With the Żabińskie chironomid record, reconstructed temperature explains about 4% of the variance, and the ratio of the inertia of the constrained axis to the first unconstrained axis is only 0.57. Even the eighth unconstained axis has more inertia than the axis constrained by temperature. All this suggests, yet again, that temperature is not the most important control on chironomid assemblages in Lake Żabińskie.

### Conclusions

It is very difficult to reconcile the strange ordinations and the poor performance of temperature as a predictor of the chironomid assemblages with the remarkably good performance of the August-air temperature reconstruction.

I’m kinda curious as to where this is going, other than you clearly not trusting the Żabińskie dataset. Actually, I have a question: do you already know the answer, and are teasing it out; or do these posts genuinely reflect each stage of you exploring the dataset?

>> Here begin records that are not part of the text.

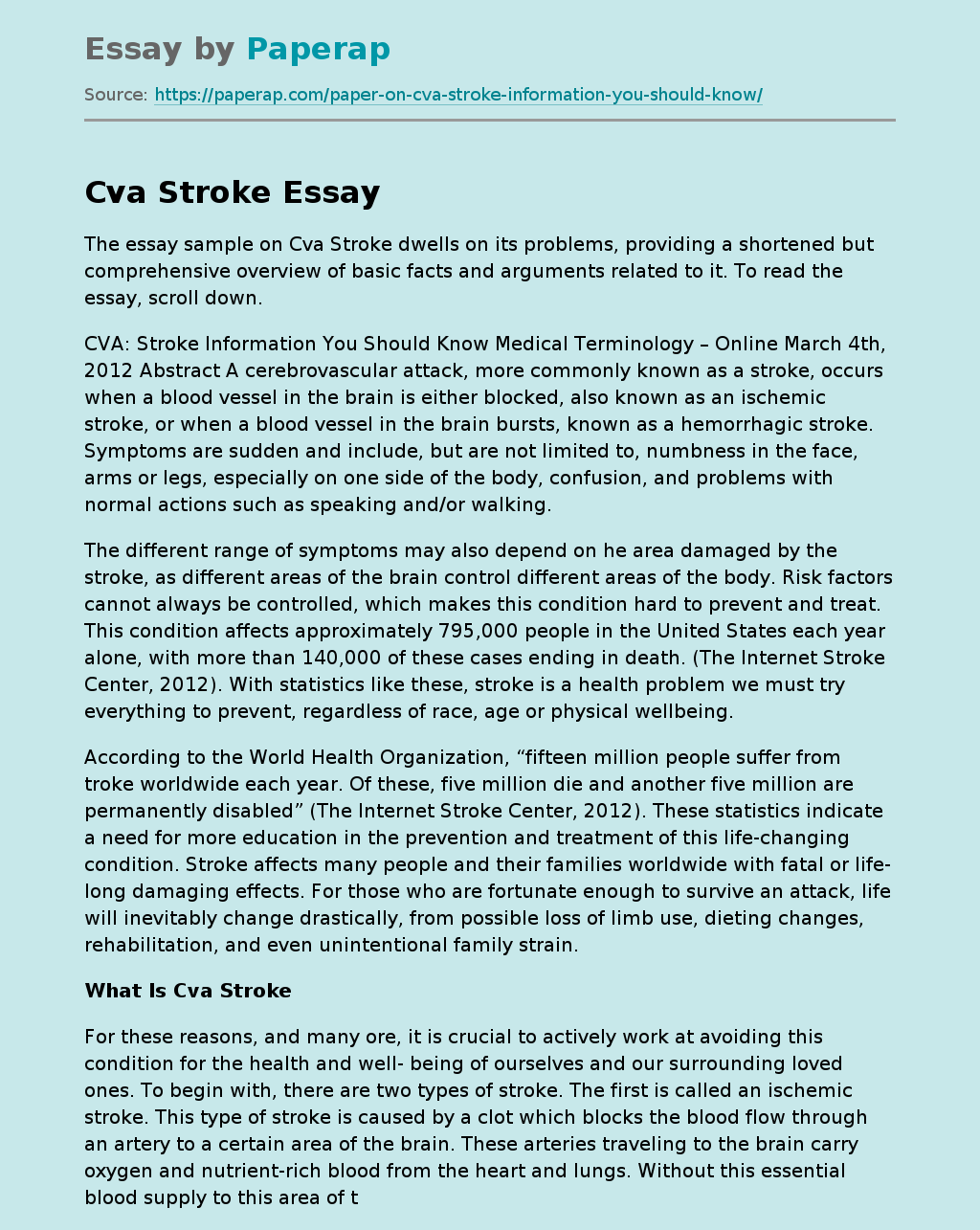 What Is Cva Stroke?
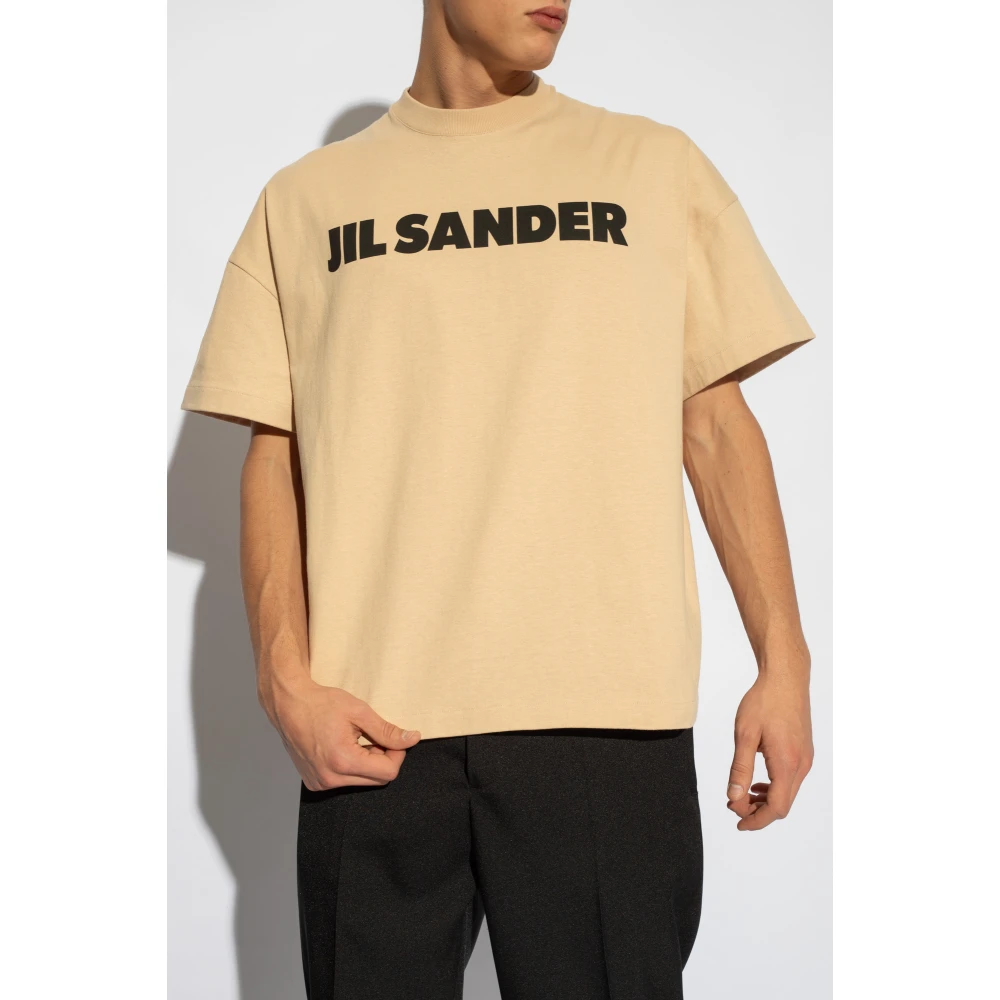 Jil Sander T-shirt met logo Beige Heren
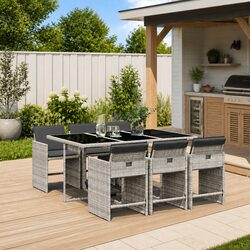 7 Piece Grey Outdoor Dining Set with Cushions and Glass Top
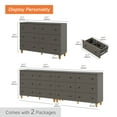 thumbnail image 3 of WAMPAT Dressers with 12 Drawers for Bedroom, 2-in-1 Wooden Chest of Drawers, Modern Closet Storage Organizer Unit with Solid Wood Legs for Living Room, Hallway, Nursery, 94.4x15.4x32.4, Dark Grey, 3 of 6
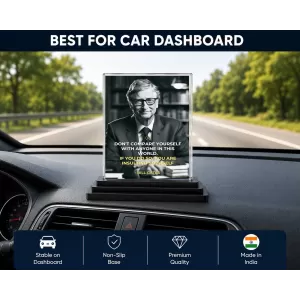 Bill Gates Acrylic Car Dashboard Showpiece | Double-Sided Bill Gates Photo Stand | 3 X 4 Inch Photo | Transparent Acrylic Frame With Black Base | Car Dashboard, Office & Table Decor (F71255) Bill Gates Acrylic Car Dashboard Showpiece | Double-Sided Bill Gates Photo Stand | 3 X 4 Inch Photo | Transparent Acrylic Frame With Black Base | Car Dashboard, Office & Table Decor (F71255)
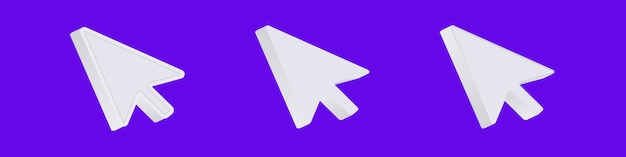 Three white computer arrow cursors aligned horizontally showcasing digital icons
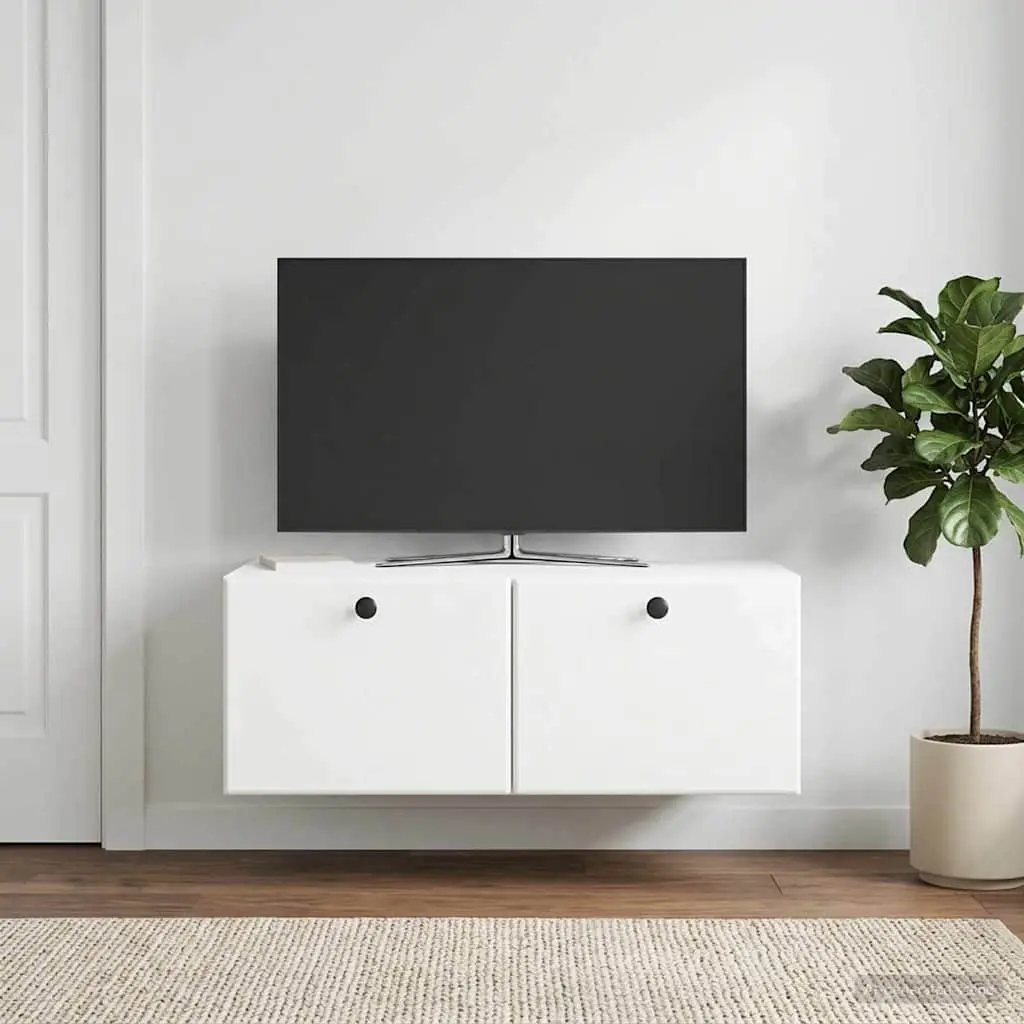 Wall-Mounted TV Cabinet Living Room 78.5 x 41 x 30 cm White Engineered Wood Storage Unit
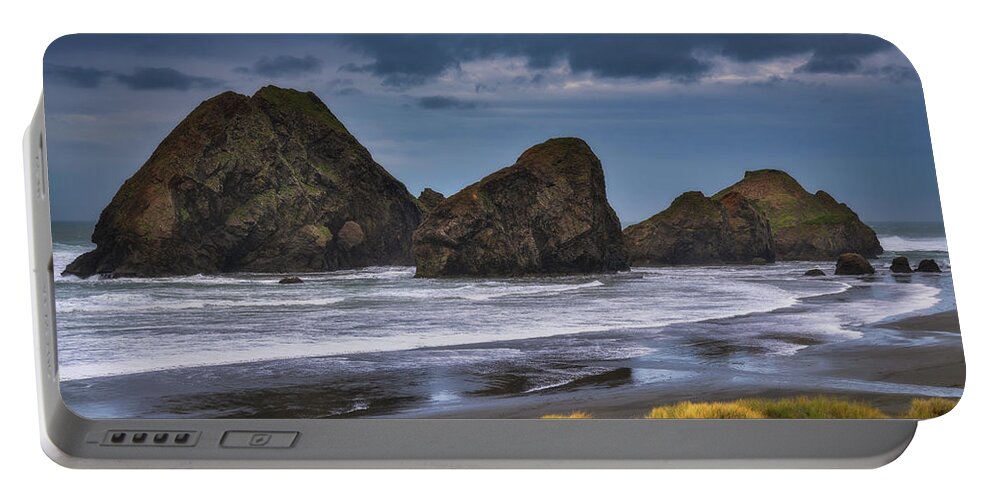 Oregon Portable Battery Charger featuring the photograph Pistol River Storm at Myers Beach by Darren White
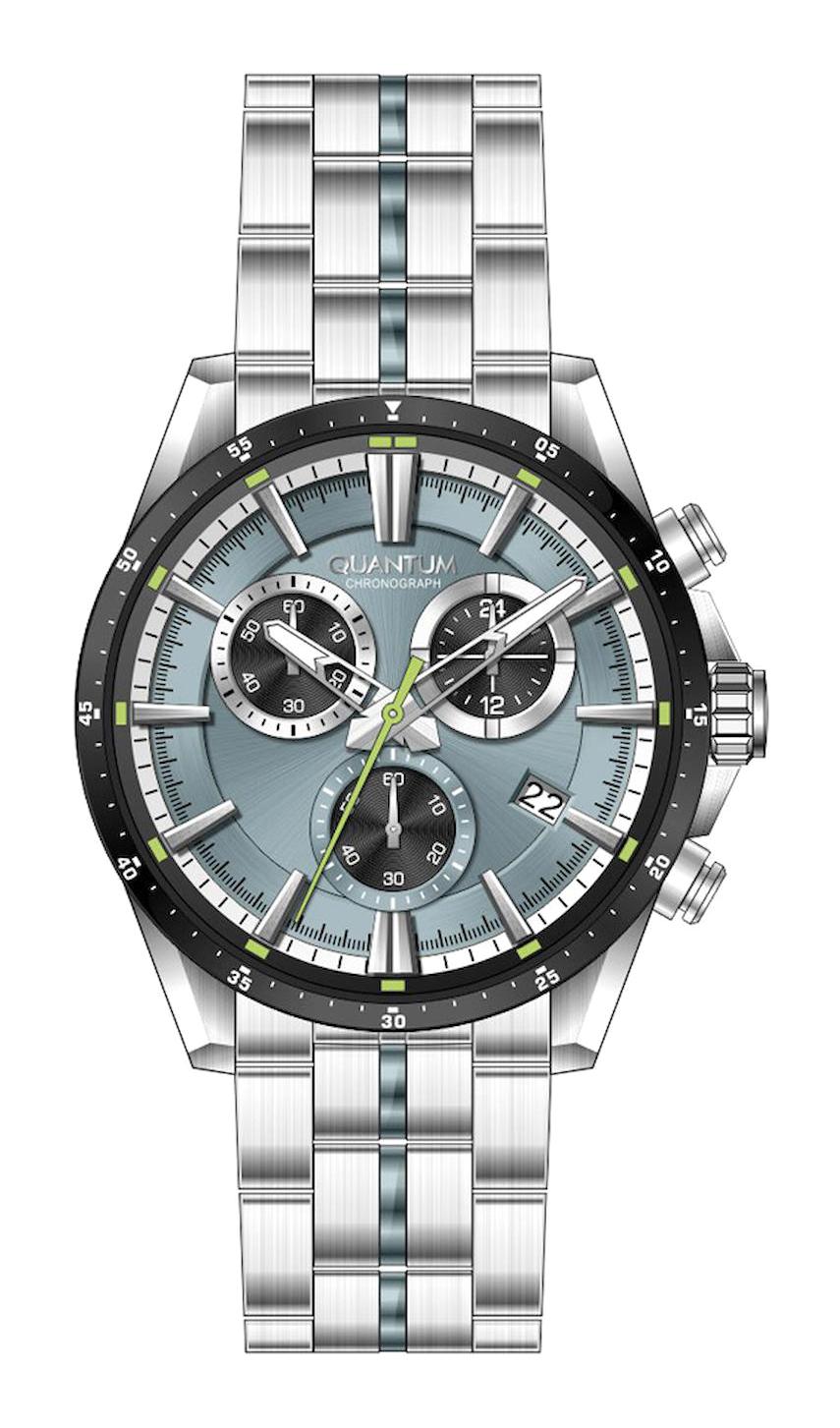 Quantum PWG1108.300 Takvimli 45 mm Gri-Mavi Çelik Kordon Analog Erkek Kol Saati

The RHS Żabińskie PC plot looks odd to me; from what I recall of my days doing PCA,, even random datasets usually have a higher PC1 than that. Doesn’t the scree more usually fall off as a curve than linearly? I may be mis-remembering.

I don’t know the answer, but I am hoping to encourage those who have the authority, if not the enthusiasm, to find out.

Some of these posts (like this one) are genuinely exploratory, others are exploring issues I’ve been aware of for some time.

A fully random dataset would look much like the Żabińskie. Try screeplot(princomp(matrix(rnorm(10000), ncol = 10)))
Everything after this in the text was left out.